Our ranger then picked up the creature that curled itself into an impenetrable ball and I realised how fortunate I had been to catch it momentarily unaware.
Many of my strangest experiences have been in the bush. I once tracked a dung beetle for two hours as it made its way into the veld, steadily rolling its dung ball containing wife and babies along. Naturally, I was on my knees, derriere up and nose down at ground level, engrossed as the beetle began digging a hole into the soft earth.

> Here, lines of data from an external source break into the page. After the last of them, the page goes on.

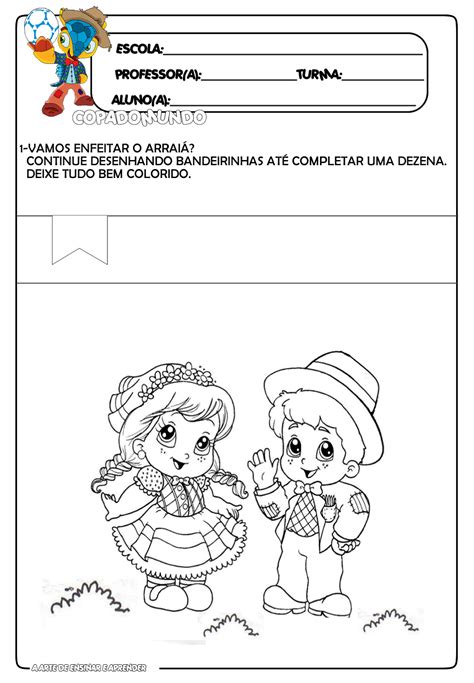 Atividade De Arte Festa Junina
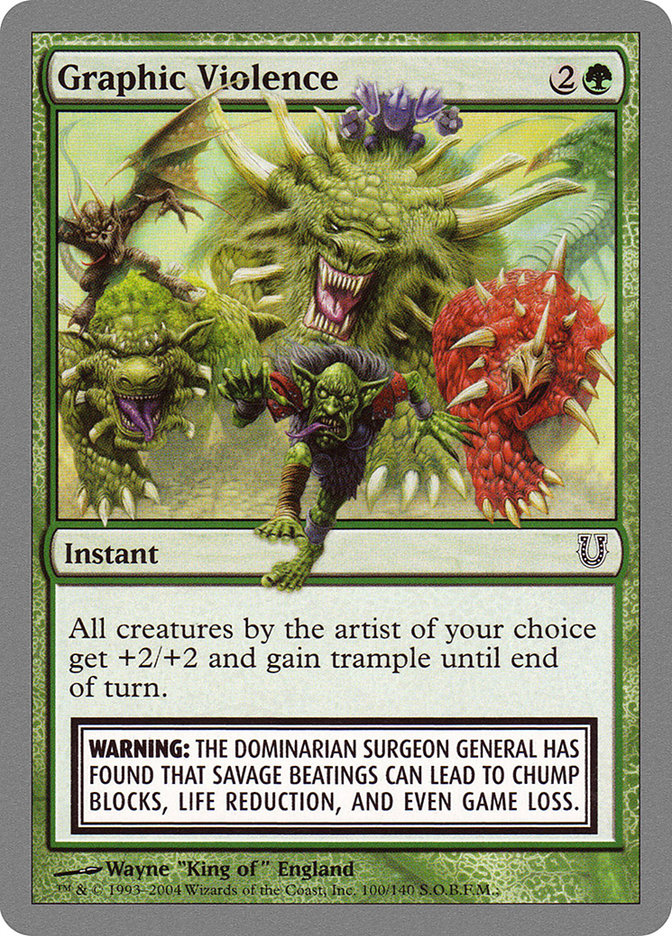 Graphic Violence [Unhinged] - Magic: The Gathering - Card Brawlers | Quebec | Canada |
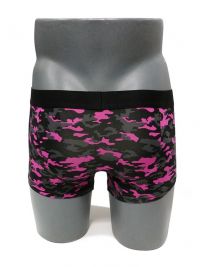 Boxer Emporio Armani Microfibra camuflaje en fucsia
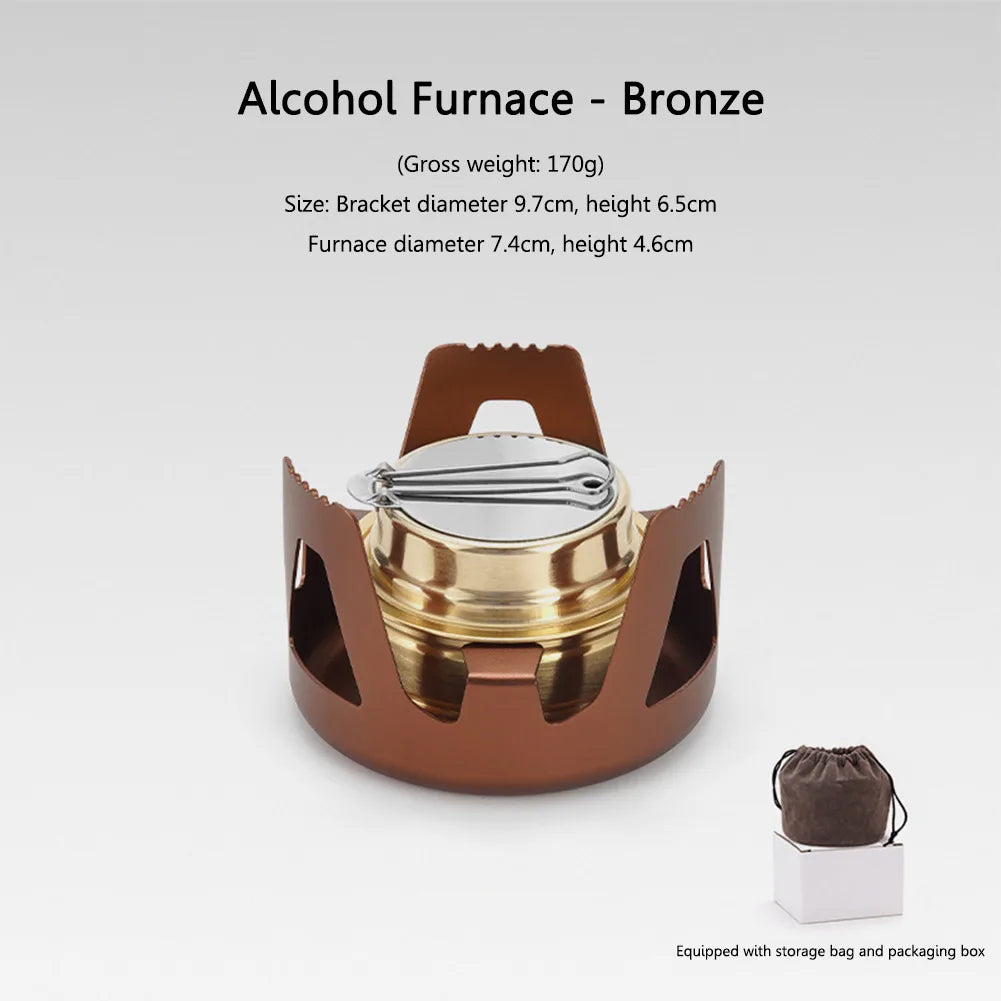 Réchaud à Alcool Portable Mini – Réglable avec Support en Alliage - BLACKBEARD OUTDOOR INDUSTRIES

I was in dung-beetle heaven when suddenly, I heard shouting: “Lowen! Lowen! Die runde braune sache. Es bewog sich.” (Lion! Lion! The round brown thing moved).
Peereing through the bushes, I observed a group of German tourists on a vehicle. Each gripped a pair of binoculars. Very slowly, I sank my rear downwards and lay flat for half an hour as they patiently waited for “the lion” aka my large backside, to reappear. Eventually, they drove away beaming with satisfaction that they’d spotted a lion, albeit briefly. I, on the other hand, beamed with satisfaction at having spotted a dung beetle.